Già nel 2007, dieci anni fa, una commissione parlamentare d’inchiesta presieduta dall’inviato dell’Onu Staffan de Mistura stilò un rapporto in cui si sosteneva la necessità di “superare i centri” e un sistema inefficace che faceva registrare violazioni e soprusi. Il sistema dei Cie, si legge nel rapporto, “non consente una gestione efficace dell’immigrazione irregolare” e “comporta costi elevatissimi con risultati non commisurati”.

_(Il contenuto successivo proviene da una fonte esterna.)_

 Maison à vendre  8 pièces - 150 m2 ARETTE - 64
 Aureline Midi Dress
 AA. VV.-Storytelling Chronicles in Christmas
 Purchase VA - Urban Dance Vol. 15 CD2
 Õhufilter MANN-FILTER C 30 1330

Bisogna ricordare infatti che i Cie non funzionavano neanche quando erano a pieno regime, o almeno non funzionavano per lo scopo per il
quale erano stati creati: il rimpatrio dei migranti irregolari.
Rimpatriare i migranti irregolari è un’operazione costosa ed è possibile solo in presenza di accordi bilaterali con i paesi di origine dei migranti. Ma questi accordi nella maggior parte dei casi non esistono. Negli ultimi quindici anni, i paesi europei hanno speso circa 11,3 miliardi di euro per espellere i migranti irregolari. Il Rapporto sui Centri di identificazione ed espulsione della Commissione diritti umani del senato nel febbraio 2016 affermava che il 50% delle persone raggiunte da un decreto di espulsione e transitate dai Cie in effetti non viene rimpatriato perché i costi sono altissimi e perché i paesi che hanno formalizzato delle intese di riammissione con l’Italia sono pochi: l’Egitto nel 2007, la Tunisia nel 2011 e più di recente la Nigeria e il Marocco. Esistono degli accordi di collaborazione infine con la polizia del Gambia e del Sudan.

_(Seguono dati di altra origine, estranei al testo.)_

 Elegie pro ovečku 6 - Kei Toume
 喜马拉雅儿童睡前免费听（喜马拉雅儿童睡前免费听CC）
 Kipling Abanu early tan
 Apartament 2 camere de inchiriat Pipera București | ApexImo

Negli ultimi quindici anni, i paesi europei hanno speso circa 11,3 miliardi di euro per espellere i migranti irregolari e 1,6 miliardi per rafforzare i controlli alle frontiere. Questi dati in realtà sono sottostimati, i paesi europei non hanno una normativa comune per i rimpatri e non c’è trasparenza sui costi sostenuti da ogni stato. Una cosa è certa: accogliere i migranti invece di respingerli costerebbe meno.

La Campagna "LasciateCIEntrare", che chiede di far entrare giornalisti e attivisti nei centri, denuncia da anni le condizioni disumane di detenzione e le violazioni dei diritti umani all’interno dei Cie italiani. “Sono strutture inutili, inefficienti e costose con condizioni di trattenimento lesive della dignità umana e soprattutto inutili al contrasto dell’immigrazione irregolare”.

Bologna deve rimanere un modello di accoglienza, grazie all’hub regionale. Da centro di identificazione ed espulsione con condizioni di vita (e di lavoro) inaccettabili, a hub regionale dove fare vera accoglienza per profughi e richiedenti asilo.